Des contes bien réglés
« Décaler le propos », c’est bien là le credo d’Alexis HK. Depuis son adolescence, il ne cesse de jouer sur la langue, de raconter, de décrire, de s’exercer au délicat exercice de la ritournelle et de la concision qu’elle réclame.

Les textes d’Alexis forment la colonne vertébrale de son œuvre. Leur ligne directrice : la simplicité. Une simplicité qui s’apparente plutôt à de l’horlogerie fine chez cet auteur qui s’affaire à mêler avec minutie tendresse, amertume et cruauté dans des personnages aux destinées ambiguës. C’est cette progression, cette gradation dans le comportement que l’on observe notamment chez le truculent Bambin. Entouré de mamies trop prévenantes depuis sa tendre enfance, le bambin en question semble « aller bien » à l’heure de ses jeunes années. Mais l’attention exagérée des protectrices s’apparente pour le jeune homme en une forme de séquestration au fil des années, au point qu’ « il a l’air moins content l’enfant, l’a l’air d’aller moins Bambin ». Le dénouement s’avère tragique. En un retournement de situation, les vieilles dames qui naguère « attendaient » la venue de l’enfant deviennent à leur tour sujets de l’impatience du Bambin. Mais les raisons de son attente sont autrement morbides…  « Il suit les mémés dans les couloirs des trains. / Il fait des effets de bouche et leur demande si elles vont bien. / Et dessous la cagoule en laine, le passe-montagne / qui cachent son visage ainsi que ses états d’âme, / l’a plus trop l’air d’un enfant, il a bien grandi bambin / mais savent-elles à présent qu’il les attend ? »

Photo Frank Loriou
Photo Frank Loriou

On aperçoit ici un théâtre au sein duquel s’articulent des personnages créés de toutes pièces, projetés dans un décor et qui en un tournemain basculent dans une autre réalité.
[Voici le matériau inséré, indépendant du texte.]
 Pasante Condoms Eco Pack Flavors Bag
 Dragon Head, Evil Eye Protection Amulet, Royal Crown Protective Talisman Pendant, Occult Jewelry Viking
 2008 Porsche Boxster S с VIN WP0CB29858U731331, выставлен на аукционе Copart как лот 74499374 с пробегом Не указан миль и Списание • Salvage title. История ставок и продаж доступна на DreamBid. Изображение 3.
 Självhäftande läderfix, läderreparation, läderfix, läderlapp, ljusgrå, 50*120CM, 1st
Un des atouts de l’écriture d’Alexis HK repose sur le fait que ses personnages aussi dérisoires, farfelus ou saugrenus soient-ils demeurent attendrissants au travers même de ce qu’ils portent de pire en eux.
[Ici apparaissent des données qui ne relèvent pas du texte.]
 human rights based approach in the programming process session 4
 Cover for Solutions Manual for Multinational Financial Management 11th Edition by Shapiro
Tout un petit monde à la Carot et Jeunet s’échappe de l’univers pittoresque mais tendre d’Alexis HK. Il y a ici Mitch, un catcheur rêvant de devenir poète. Il y a là le destin cruel de Gaspard le nain volant. Il y a Satan qui attend dans un restaurant moules-frites, attablé. Ici encore, il y a le triste sort d’un cycliste de mauvaise fortune. Et puis, il y a la fameuse déclaration d’amour – en voie de devenir un tube – de C’que t’es belle, humour vachard au plus que second degré :  « C’que t’es belle quand j’ai bu, / je regrette de n’avoir pas fait d’autres abus / tellement t’es belle quand j’bois. »
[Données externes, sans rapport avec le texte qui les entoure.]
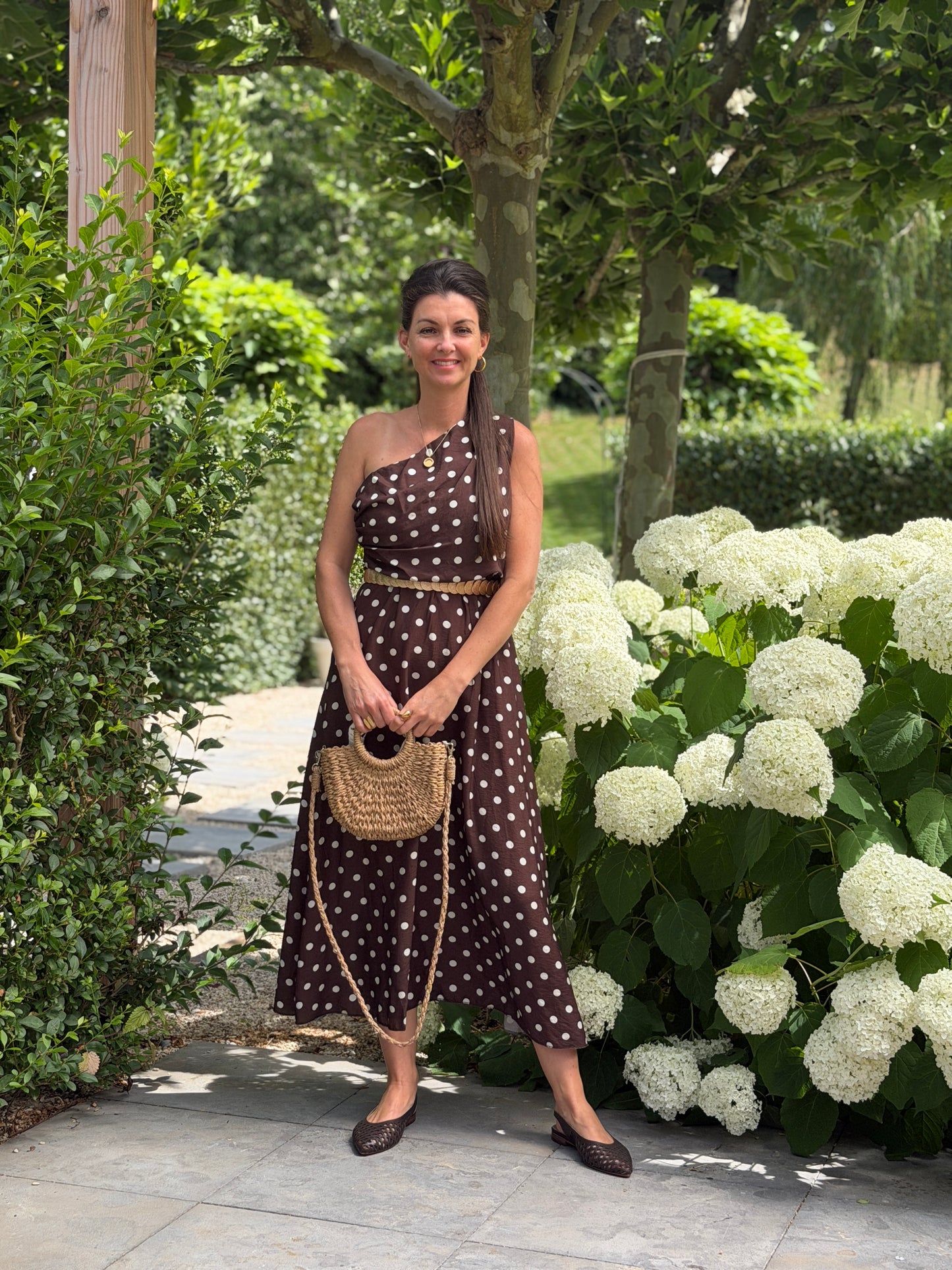 OFF SHOULDER JURK - DOTTY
L’univers onirique voire fantastique d’Alexis HK renvoie tantôt aux Histoires extraordinaires d’Edgar Poe, tantôt aux Contes cruels de Villiers de l’Isle Adam. Les textes suffisamment satiriques, lucides participent à démontrer et dénoncer par la raillerie l’absurdité du monde moderne matérialiste. L’ironie, l’humour sont autant d’armes qui allègent la destinée souvent fatale des « antihéros notoires » mis en scène par Alexis. Pour eux, une autre vie est ailleurs. Une vie entre imaginaire et réalité. Un destin qui se joue toujours sur le fil du surnaturel tel le credo des contes cruels.